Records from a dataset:
+++++

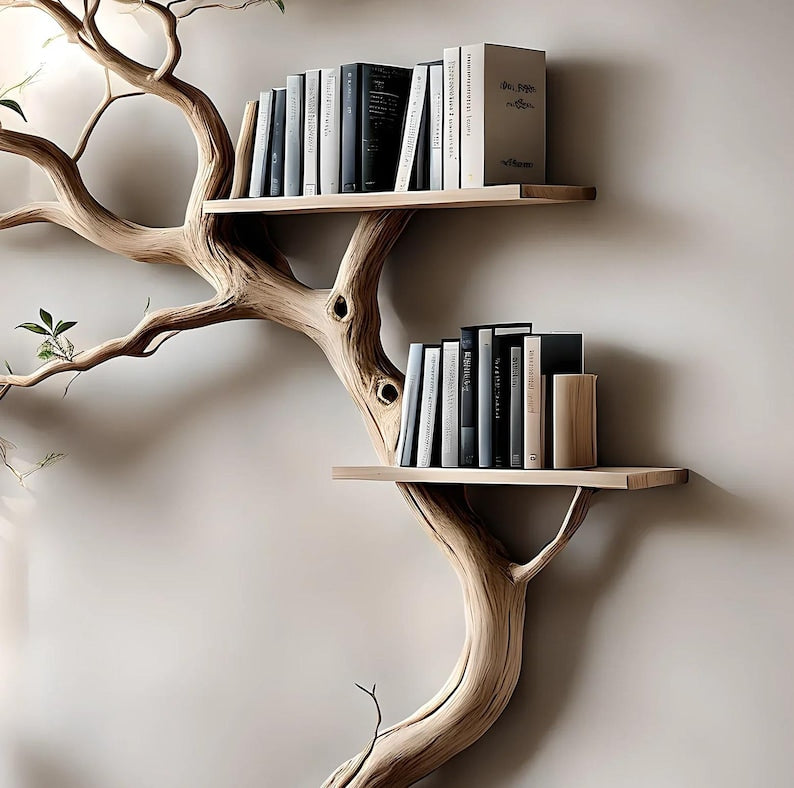 Tree branch bookshelf with stand, wall decoration bookshelf, living room decoration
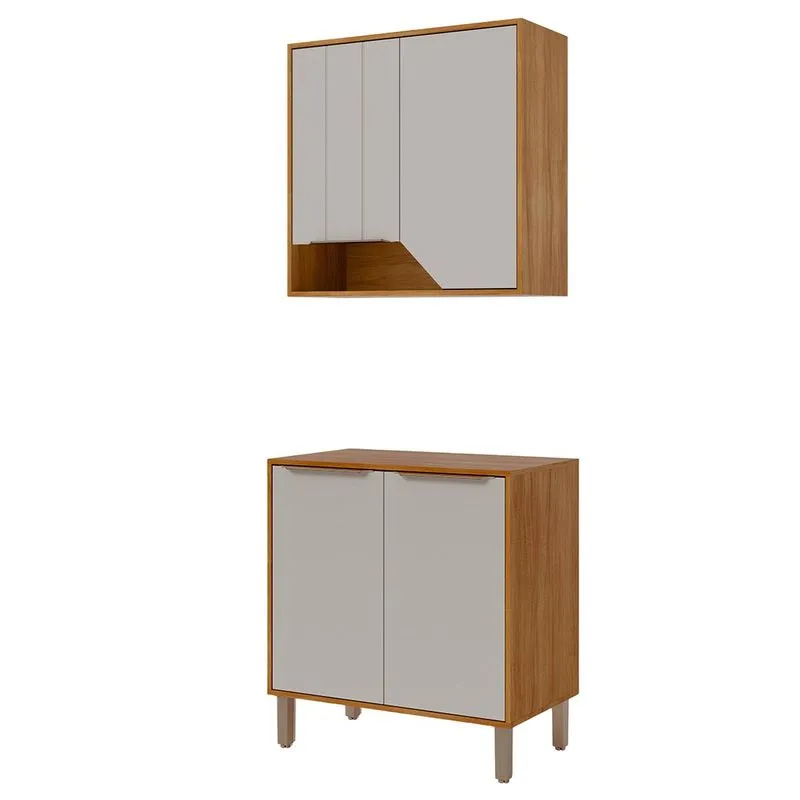 Balcão Com Aéreo Celeste 80 Cm Com 4 Portas Cinamomo/off White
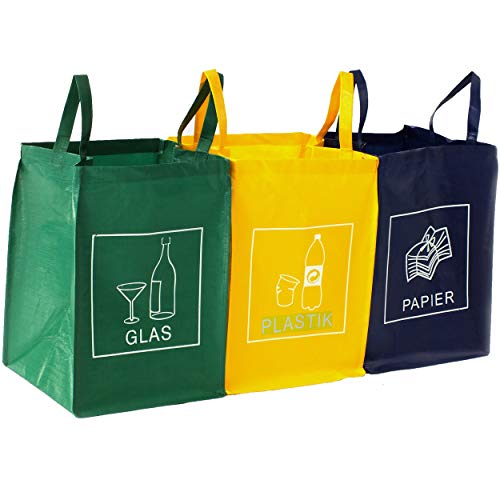 DWD Set de 3 separadores de Basura para Papel, plástico y Cristal con práctico asa de Transporte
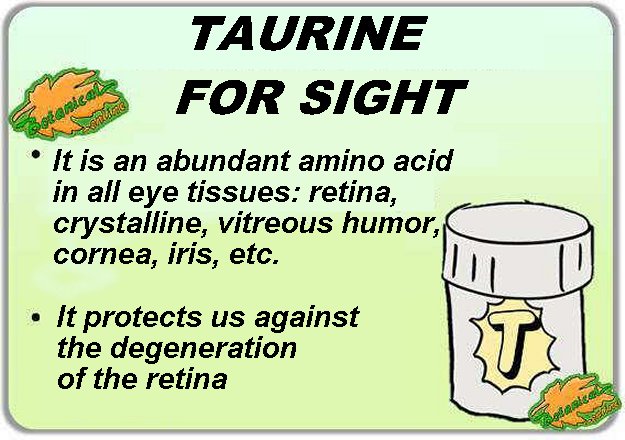 taurine properties and benefits for eyesight and diseases of the eyes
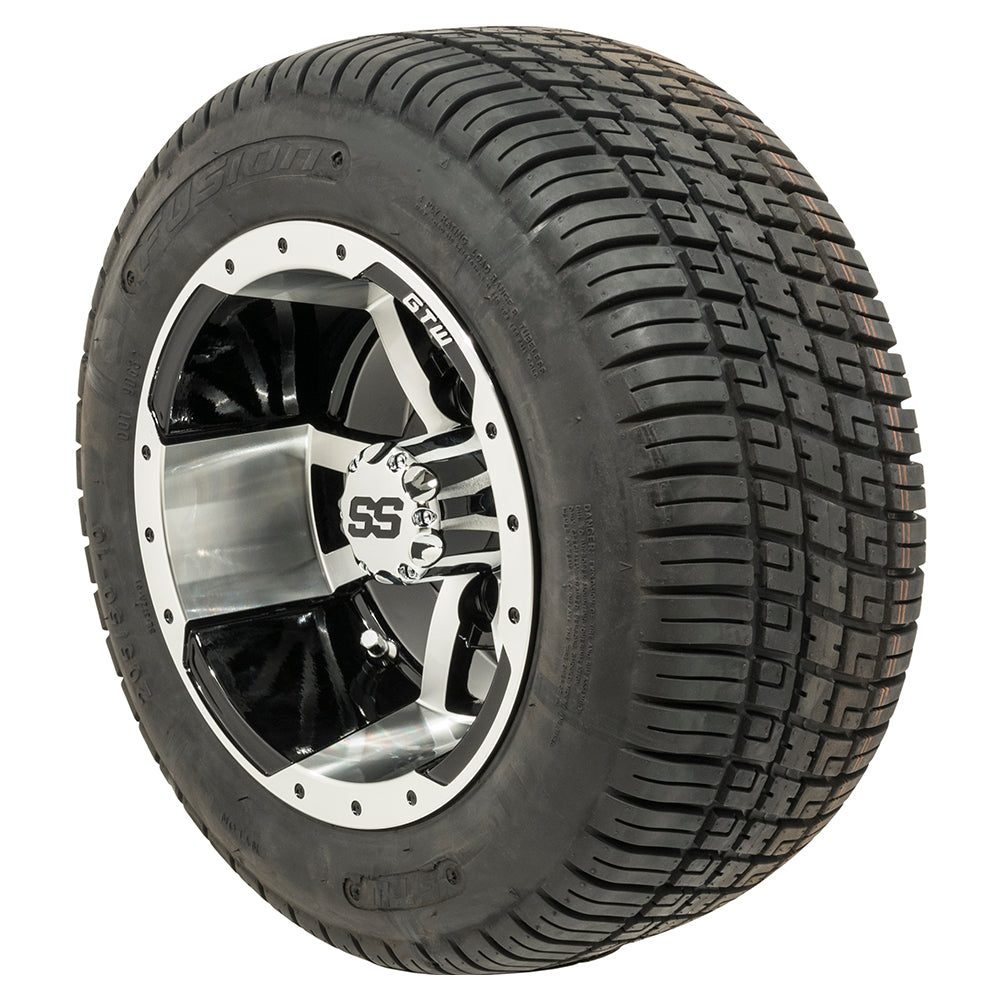 Set of (4) 10" GTW Storm Trooper Wheels on GTW Fusion Street Tires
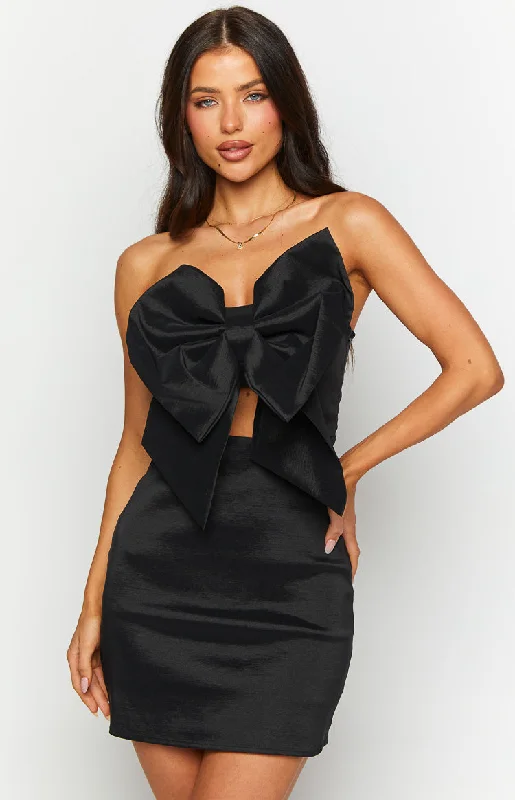 Weekend Price Drop Event Nadia Black Bow Mini Dress
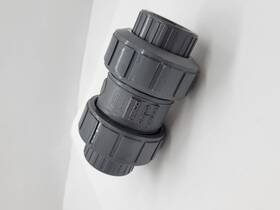 U45bc-v Nibco Pvc 1 Inch Ball Check Chemtrol Valve Dark Gray Threaded True Union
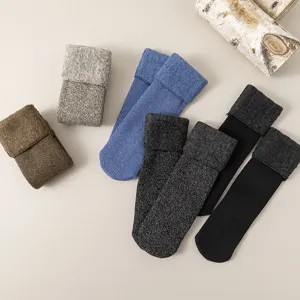 Calcetines Térmicos de Nieve para Hombre de Invierno Calcetines de Media Caña de Mezcla de Lana Cálidos Espesados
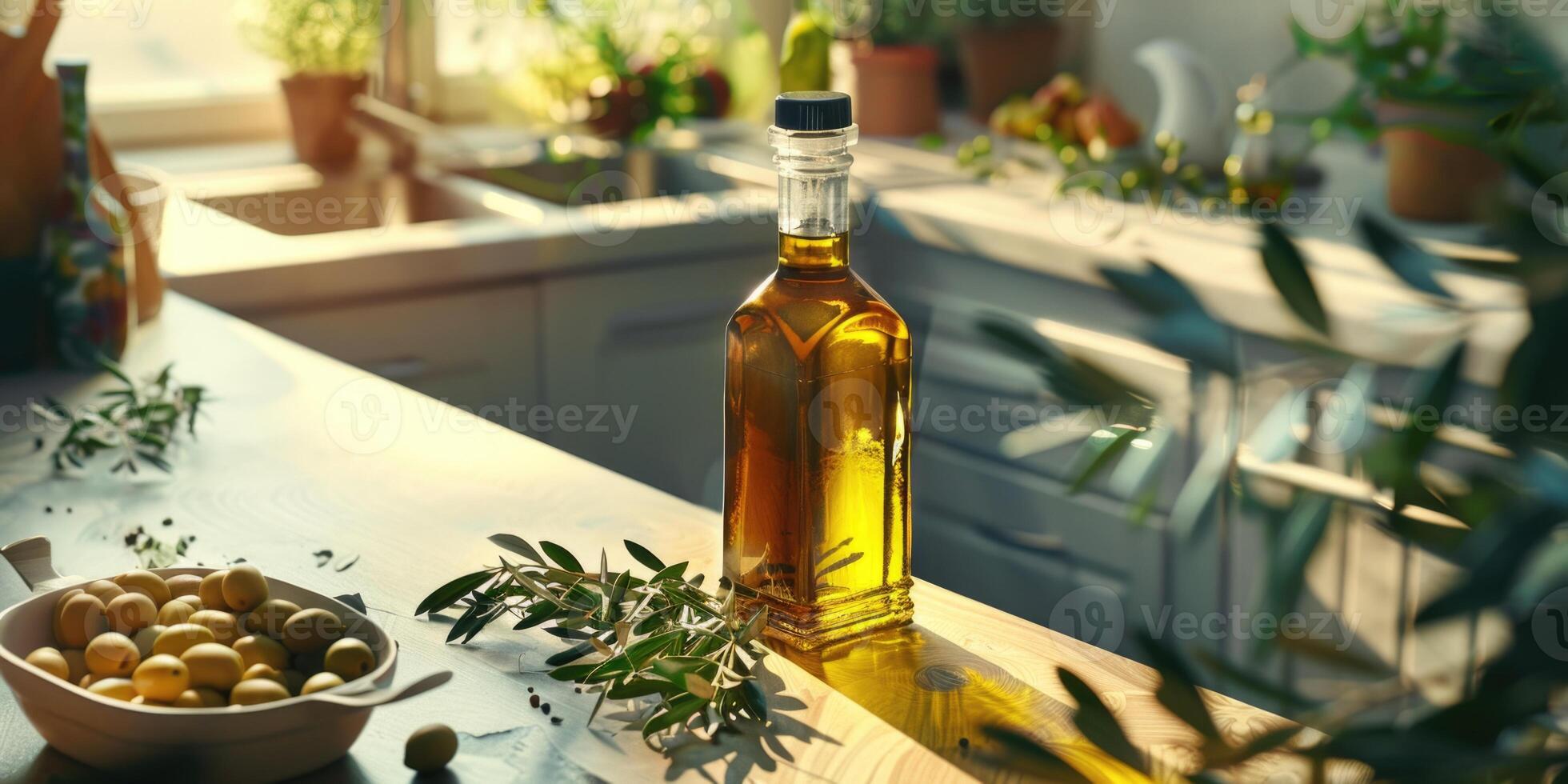 ai gerado vidro garrafa do Oliva óleo e Oliva raminhos dentro uma brilhante ensolarado cozinha. casa cozinha foto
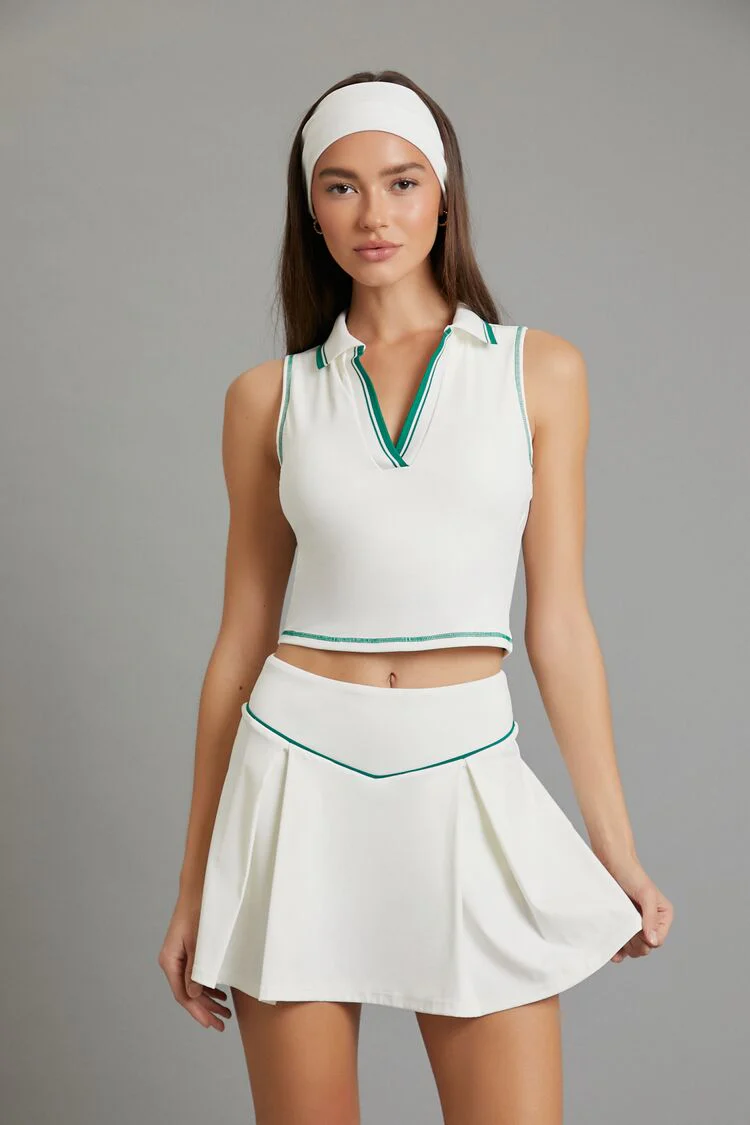 Active Two-Tone Pleated Skort - Image 10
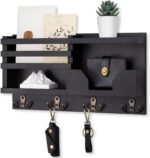 Mail and Key Holder for Wall – Decorative 15.9” x 8.7” x 3.2” Entryway Organizer with Shelf – Paulownia Wood with 4 Dual Hooks Includes Mounting Hardware and Installation Guide - Image 2
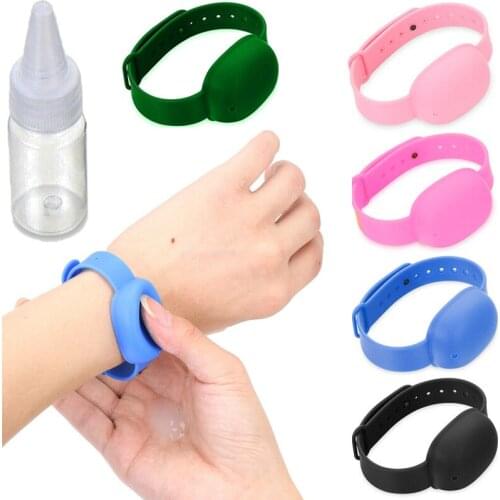 Portable Sillicone Wristband Dispenser Reusable Soap Bracelet Wristband Hand Dispenser Band with Squeeze Bottle Outdoor 12-13ML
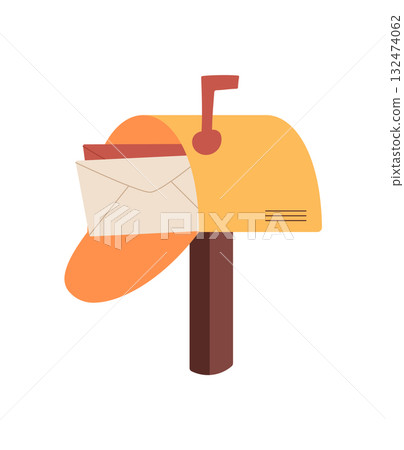 Mailbox holding letter and envelope ready for delivery. Creative icon of postal message with seal. Concept of communication, flat style, ideal for holiday themes and stationery. Mailbox holding letter and envelope ready for delivery. Creative icon of postal message with seal. Concept of communication, flat style, ideal for holiday themes and stationery. 132474062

+++++

GOAL OF THE EXERCISE: Your answer must be an exact copy of every entry, with no pictures in it.

WRITTEN ANSWER:
 Tree branch bookshelf with stand, wall decoration bookshelf, living room decoration
 Balcão Com Aéreo Celeste 80 Cm Com 4 Portas Cinamomo/off White
 DWD Set de 3 separadores de Basura para Papel, plástico y Cristal con práctico asa de Transporte
 taurine properties and benefits for eyesight and diseases of the eyes
 Set of (4) 10" GTW Storm Trooper Wheels on GTW Fusion Street Tires
 Weekend Price Drop Event Nadia Black Bow Mini Dress
 U45bc-v Nibco Pvc 1 Inch Ball Check Chemtrol Valve Dark Gray Threaded True Union
 Calcetines Térmicos de Nieve para Hombre de Invierno Calcetines de Media Caña de Mezcla de Lana Cálidos Espesados
 ai gerado vidro garrafa do Oliva óleo e Oliva raminhos dentro uma brilhante ensolarado cozinha. casa cozinha foto
 Active Two-Tone Pleated Skort - Image 10
 Mail and Key Holder for Wall – Decorative 15.9” x 8.7” x 3.2” Entryway Organizer with Shelf – Paulownia Wood with 4 Dual Hooks Includes Mounting Hardware and Installation Guide - Image 2
 Portable Sillicone Wristband Dispenser Reusable Soap Bracelet Wristband Hand Dispenser Band with Squeeze Bottle Outdoor 12-13ML
 Mailbox holding letter and envelope ready for delivery. Creative icon of postal message with seal. Concept of communication, flat style, ideal for holiday themes and stationery. Mailbox holding letter and envelope ready for delivery. Creative icon of postal message with seal. Concept of communication, flat style, ideal for holiday themes and stationery. 132474062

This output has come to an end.